Они понимали друг друга с полуслова, как будто прожили вместе тысячу лет, потому что составляли единое целое.
Эти годы, которые Евгений провёл с Татьяной, воспитали, а в конечном счёте и сформировали послелагерную его личность в значительной степени больше, чем детские и студенческие впечатления. Может быть, потому, что бесконечное уважение друг к другу гармонично сочеталось с большим разрастающимся чувством – любовью.
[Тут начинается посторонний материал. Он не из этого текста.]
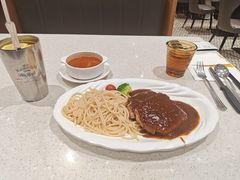 -香港新发烧腊茶餐厅(书城店)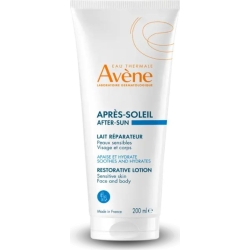 Avene Après-Soleil After-Sun - Latte Doposole Ristrutturante 200 ml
Чтобы поддержать подорванное лагерями здоровье Евгения, Татьяна завела подсобное хозяйство: огород, кур, поросят. И это в суровом климате Колымы! В доме царила чистота, она успевала ещё и рукодельничать, обшивала и себя, и Евгения, и детей. В октябре 1942 года родился Олег, а в ноябре 1945 года – Иван. Они были счастливы, насколько можно было назвать счастливой жизнь в полурабском режиме, да ещё в суровых условиях колымского климата.
Однажды Евгений поделился с Татьяной мыслями о самом сокровенном:
– Знаешь, Танечка, недавно грустно размышлял о бренности человеческого бытия, о смысле вечного карабканья по ступенькам судьбы. Мне очень нравится старая восточная мудрость: «Если не знаешь, куда идти, то лучше останься на месте, тогда не угодишь в яму». Хотя сколько раз я в ней оказывался, да и сейчас из неё до конца не выбрался.
– Власть отучила нас от веры в Бога, – продолжал он спустя некоторое время. – Я верю, что есть кто-то, кто видит и слышит тебя. И судит. Это именно тот, кто дал тебе то, за что можно держаться. А может, просто берёт за руку и ведёт к цели, как будто бы знает, что тебе в данный момент нужнее всего.
Они помолчали немного.
– Женя, ты даже не представляешь, как я счастлива, что встретила тебя, а для этого мне надо было приехать именно на Колыму. Наверно, это потому, что мы духовно похожи друг на друга! А разве можно назвать счастливым союз мужчины и женщины, если они совершенно разные: как плюс и минус, ночь и день, огонь и вода? – добавила она и прижалась к мужу.
– Ничего, Таня! Будем держаться… Как говорили в древности, самый тёмный период в ночи наступает перед рассветом. Так и в жизни. Будет и на нашей улице праздник.
Праздник наступил, когда им было по 45 лет: в 1958 году пришло известие, что Евгения Ивановича реабилитировали по всем статьям…
…Военные годы для жителей Колымы стали серьёзным испытанием, дни были тревожными и тягостными. Собственно, такими они были и для всей страны. Стране нужно было золото, много золота, и Колыма его давала.
Каждую осень начиная с 1942 года в Магадан приходили подводная лодка или крейсер из Сан-Франциско и увозили в Америку добытое золото. За помощь по ленд-лизу[26]26
Ленд-лиз (англ. – давать взаймы, сдавать в аренду) государственная программа, по которой Соединённые Штаты Америки поставляли своим союзникам во Второй мировой войне боевые припасы, технику, продовольствие, медицинское оборудование и лекарства, стратегическое сырьё, включая нефтепродукты.
[Закрыть] во время войны Советский Союз расплачивался колымским золотом и кровью своих солдат на полях сражений.